El primer planteamiento me es extremadamente interesante porque introduce al suicidio como un tema ignorado de manera injusta por la filosofía. No solamente la presunta originalidad de esta idea me lleva a introducirme de lleno en el libro, sino el recuerdo de una tercera tentativa de suicidio, de hacía unos días atrás. Plantea entonces, en esos primeros pasos, una definición del «absurdo» y hace una pequeña crítica a la ciencia en una parte con la que me hallé completamente agradecido, porque, aparte de mi sentido de inutilidad cuando no debato una idea preestablecida, yacía en mí una antigua lucha que aún mantengo aunque de manera más sutil con un licenciado en metodología de la investigación que, no deja de presumir, en cualquiera de sus actos y palabras, su conocimiento [y también su ignorancia].

Prosigo y comienza Camus a citar unos ejemplos de filósofos. Todos de alguna manera proponen ideas que, en parte de su esencia, son epistemológicas. Sin embargo, luego se detiene en dos autores específicos haciendo referencia a que cada uno, ante la consciencia de lo «absurdo», resolvió la cuestión de diferente manera; uno, entregándose a su Dios, y el otro, planteando que nada era determinante. Sigo, y me detengo con brillo en los ojos en la parte en la que se exalta el vivir de los actores/actrices y la existencia del teatro mismo como una de las representaciones más genuinas de lo «absurdo». Prosigo, y, llega al fin, en su tercera parte, el esperado «Mito de Sísifo». Me conmueve la historia de un condenado por los dioses que, como castigo, ha de subir una roca hasta la cima de una montaña, dejar que caiga, descender, y luego volver a subir; todo de manera sempiterna.

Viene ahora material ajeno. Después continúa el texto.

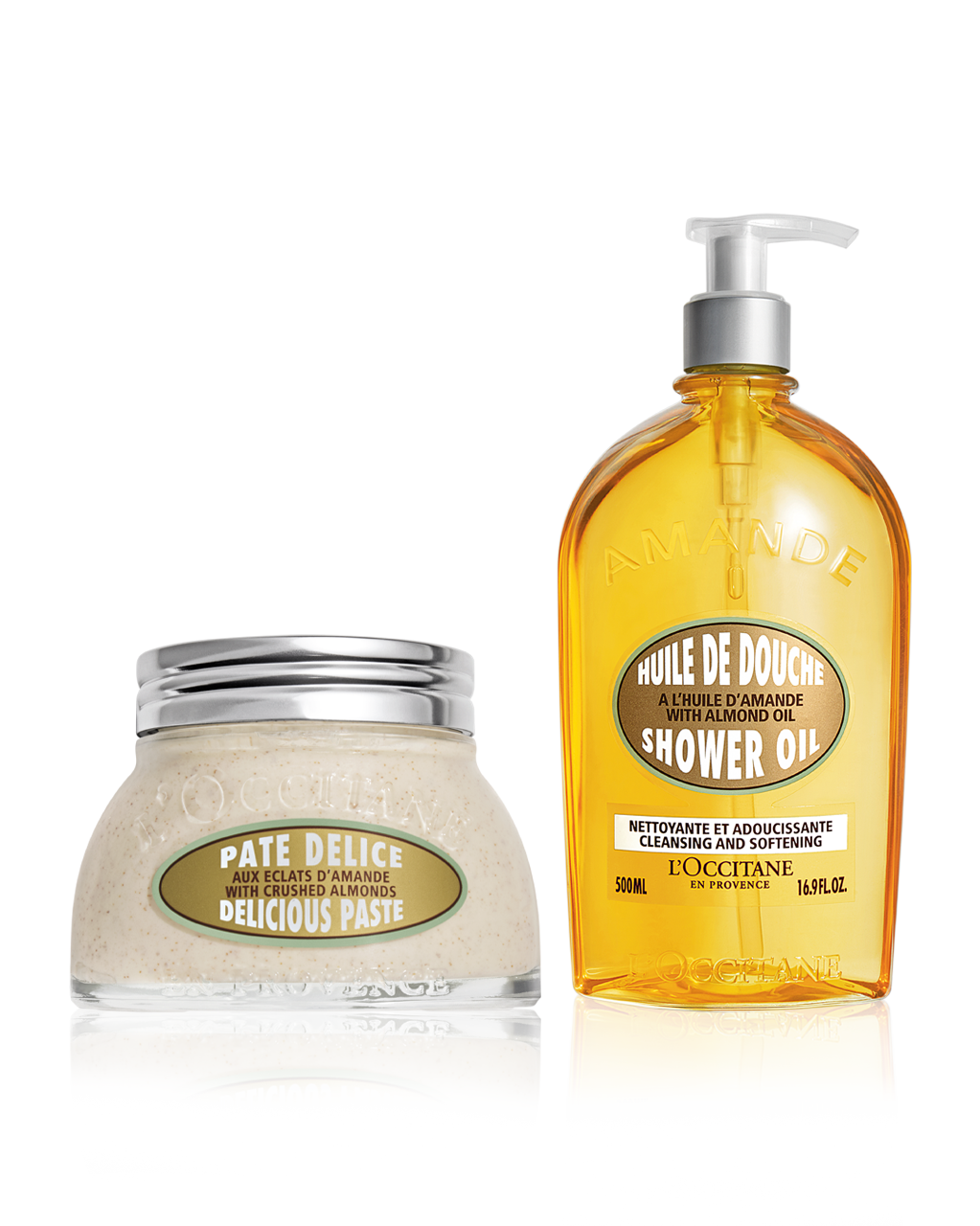 Almond Shower Scrub Duo | Body Smoothing | L'Occitane en Provence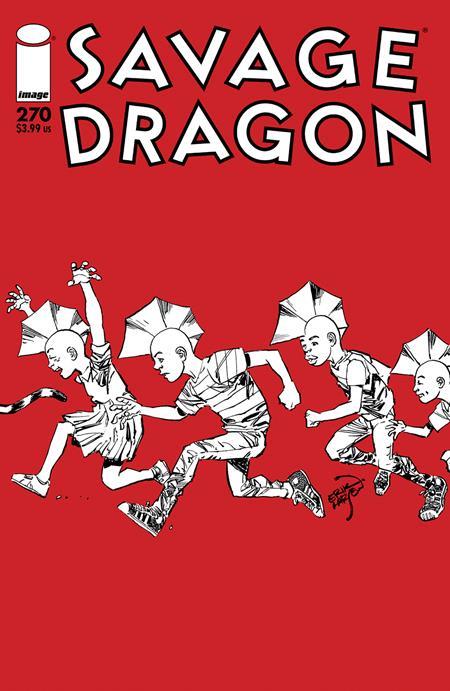 Savage Dragon #270 Cvr A Erik Larsen (mr) Image Comics Comic Book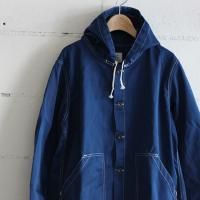 Charpentier de Vaisseau Hooded Blouson  col:Blue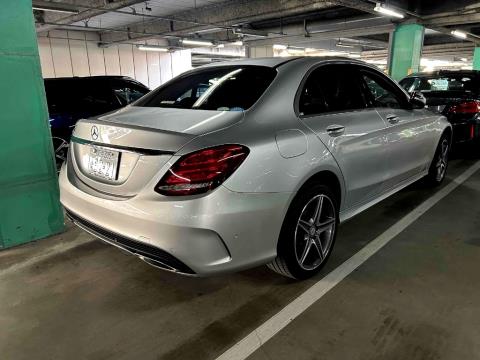 2017 Mercedes Benz C 200 AMG Line - Thumbnail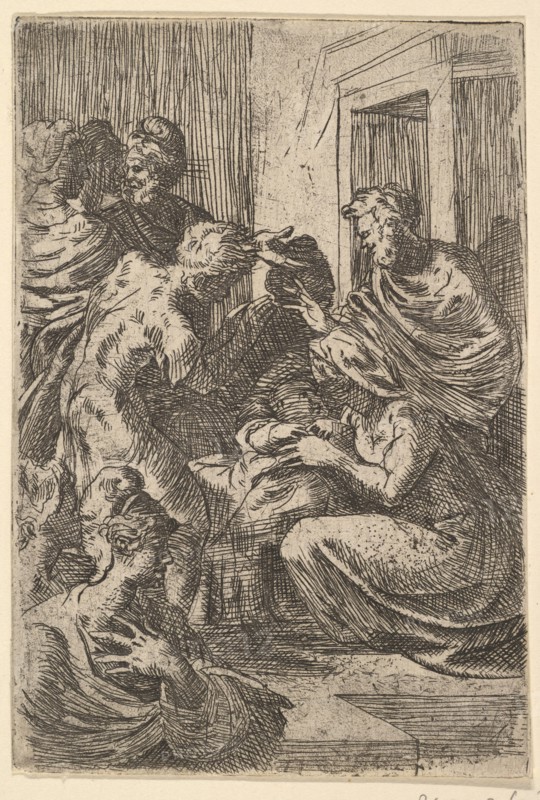 Nativity, 16th century. Creator: Unknown.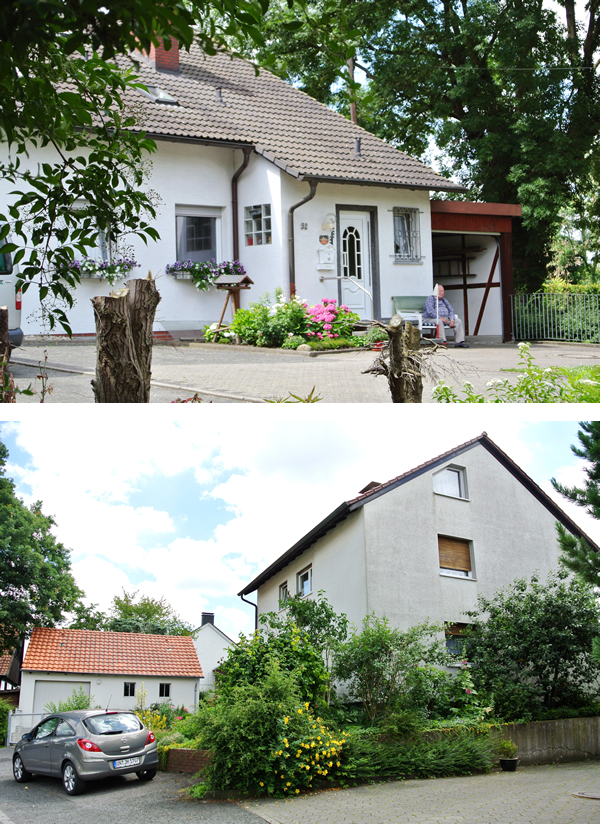 ドイツ中西部の美しい田舎 ウンナの住宅地イメージ３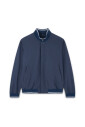 bomber-stretch-resistant-a-leau-avec-bordures-rayees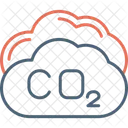 Carbon dioxide  Icon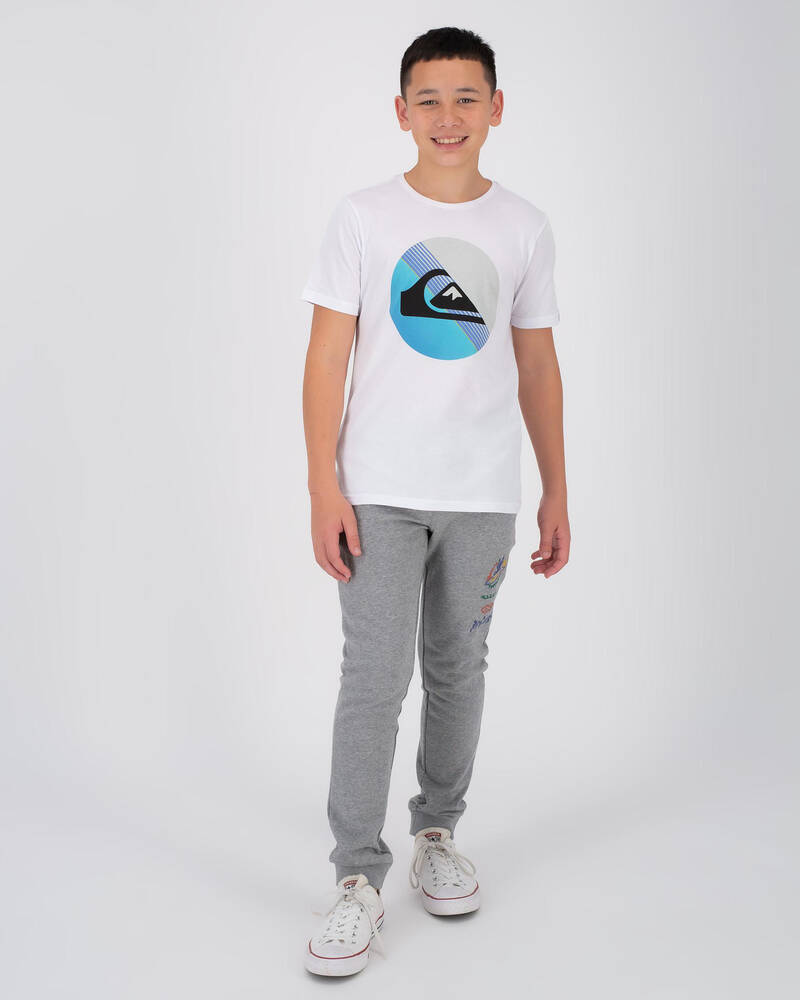 Quiksilver Boys' Sab Logo T-Shirt for Mens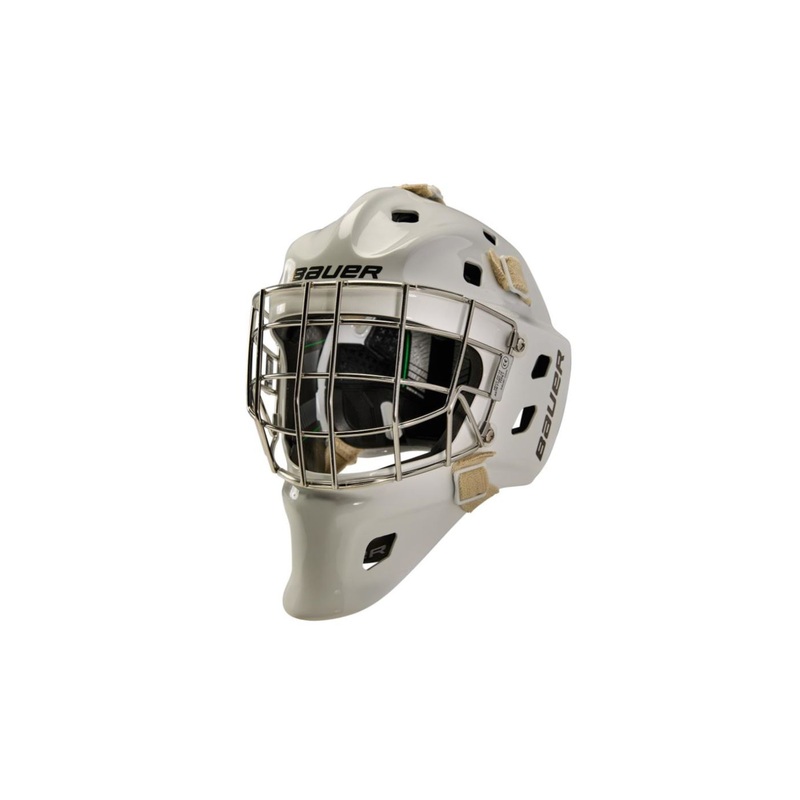 Bauer Goalie Mask NME One SR White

Recuerdo entonces el capítulo entero que se dedicó a profundizar en la personalidad de varios personajes de Dostoiévski, uno de mis escritores preferidos. Sonrío con tristeza, porque sé que sólo se puede conocer realmente a través del dolor; pienso en cuánta humanidad había de tener mi querido ruso como para demostrar tan profundo conocimiento y tan excelsa manera de describir los mayores problemas «existenciales» del hombre. El personaje que parece interesar más a Camus, es uno de la novela «Los poseídos», que se suicida no por tristeza, sino porque, a través de este acto, tomaba en sí mismo un poder atribuido a distintas deidades, y, se convertía así, en un dios.

Si con «El extranjero», como mi amigo luego me quiso dar a entender, «Camus pretendía establecer que sí era práctica la existencia de un hombre plenamente consciente del absurdo», en «El mito de Sísifo», establece la teoría esencial de su existencialismo. Esta palabra, «absurdo», me recuerda siempre el chiste de «La broma asesina» (Moore, 1988):

«Había una vez dos tipos en un manicomio y una noche deciden que no quieren seguir viviendo en el psiquiátrico. ¡Y deciden escaparse! Así que suben al tejado y allí, frente a un estrecho hueco entre dos bloques, ven los edificios de la ciudad recortándose a la luz de la luna contemplando de cerca su libertad. El primer tipo salta sin problemas. Pero su amigo no se atreve. Ya sabes… tiene miedo a caer. Entonces, el primero tiene una idea y le dice: “¡Ey! Tengo aquí mi linterna. ¡Alumbraré el hueco entre los edificios y podrás caminar sobre el rayo hacía mí!”. Pero el otro mueve la cabeza y dice: “¿Qué te crees? ¿Que estoy loco? ¡La apagarías cuando estuviese a mitad de camino!”…».